_DATASET EXCERPT:_
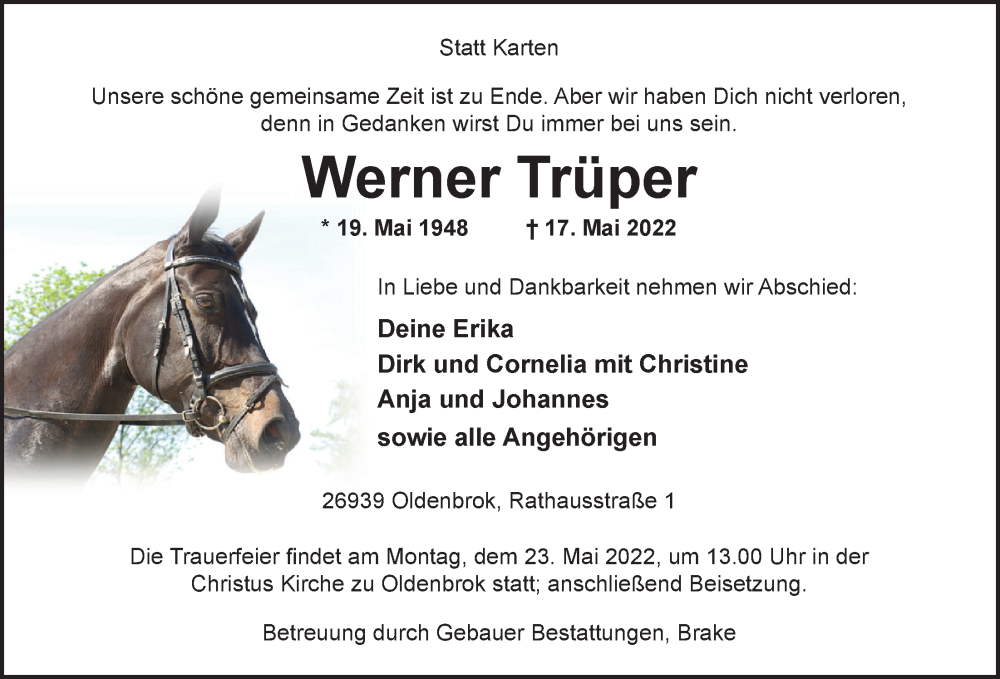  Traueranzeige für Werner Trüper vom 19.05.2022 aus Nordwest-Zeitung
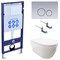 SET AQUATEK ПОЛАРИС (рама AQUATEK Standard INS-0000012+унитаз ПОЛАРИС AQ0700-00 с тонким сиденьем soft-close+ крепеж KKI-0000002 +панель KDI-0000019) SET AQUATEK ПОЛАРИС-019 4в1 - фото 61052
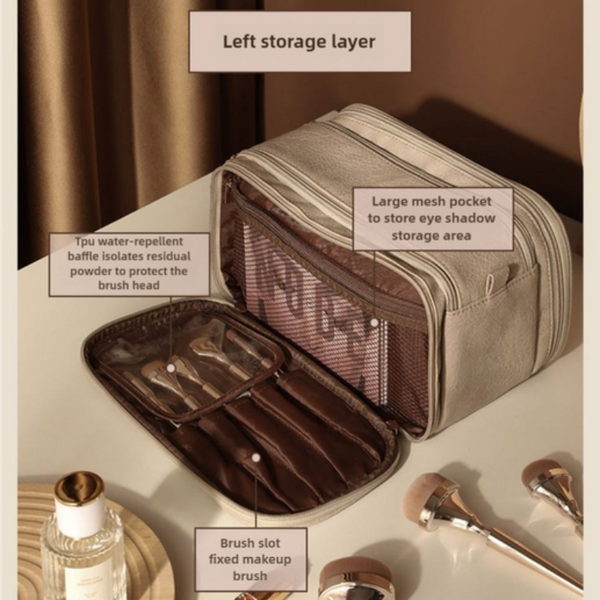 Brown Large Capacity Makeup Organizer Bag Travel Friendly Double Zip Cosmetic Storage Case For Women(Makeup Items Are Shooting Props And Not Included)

_EXERCISE REQUIREMENTS:_ Copy nothing but the lines from the one containing "SET AQUATEK ПОЛАРИС (рама" through the last line of the listing above, transcribed exactly and with no pictures.

_RESPONSE:_
 SET AQUATEK ПОЛАРИС (рама AQUATEK Standard INS-0000012+унитаз ПОЛАРИС AQ0700-00 с тонким сиденьем soft-close+ крепеж KKI-0000002 +панель KDI-0000019) SET AQUATEK ПОЛАРИС-019 4в1 - фото 61052
 Brown Large Capacity Makeup Organizer Bag Travel Friendly Double Zip Cosmetic Storage Case For Women(Makeup Items Are Shooting Props And Not Included)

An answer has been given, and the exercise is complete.